Based on the evidence, including the injuries, a grand jury in Montgomery County, Texas, indicted him this week on a charge of injury to a child. Peterson turned himself in early Saturday morning and posted a $15,000 bond.
Read: Peterson indictment
“Obviously, parents are entitled to discipline their children as they see fit, except for when that discipline exceeds what the community would say is reasonable,” said Phil Grant, first assistant district attorney in Montgomery County, Texas. “And so a grand jury having indicted this case, looked at the injuries that were inflicted upon this child and determined that discipline was not reasonable and did not reflect the community standards of what was reasonable discipline.”
Grant declined to provide details on the injuries because it’s a pending investigation. He said news reports that provided details of the injuries came from an unlawful leak in the case.
“It appears there’s been a significant leak of very sensitive information regarding this case,” Grant said.

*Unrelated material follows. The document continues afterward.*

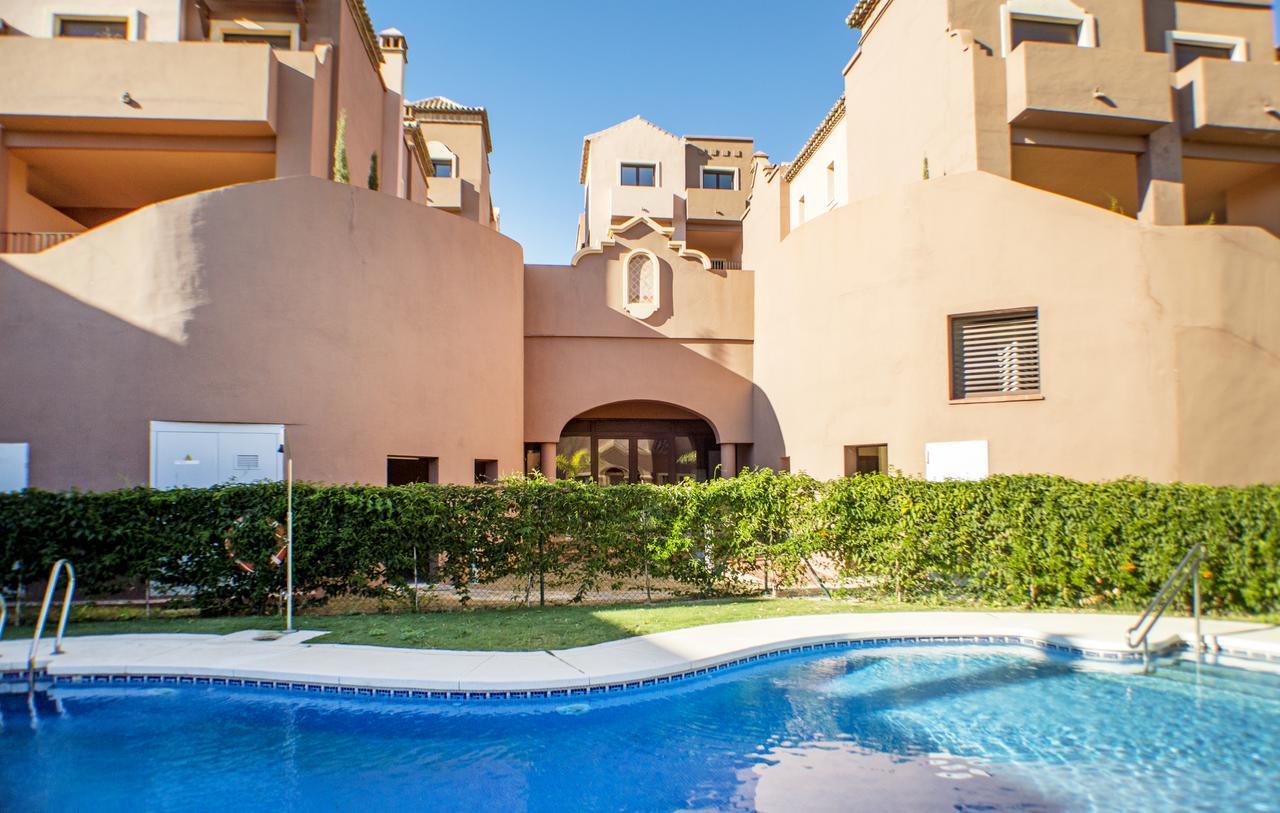 Las Villas De Santa Maria By Holiday World Villa Estepona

He said his office is working to find out the source of that leak and will prosecute it.
He said the evidence was presented to the grand jury over several weeks and was presented to only one grand jury. “It was not shopped around to multiple grand juries,” Grant said.
Peterson’s attorney, Rusty Hardin, released a statement Friday saying the charge involves the use of a “switch” to spank Peterson’s son, similar to what eterson experienced as a child growing up in east Texas.
“Adrian has never hidden from what happened,” Hardin said in the statement. “He has cooperated fully with authorities and voluntarily testified before the grand jury for several hours.
The key issue in the case likely will be whether the discipline was reasonable.
“It is important to remember that Adrian never intended to harm his son and deeply regrets the unintentional injury,” Hardin said.
Peterson, 29, lost another son in October when the 2-year-old child died of head injuries sustained in an alleged assault at the hands of the boyfriend of the boy’s mother.
He will not play in Sunday’s game against New England.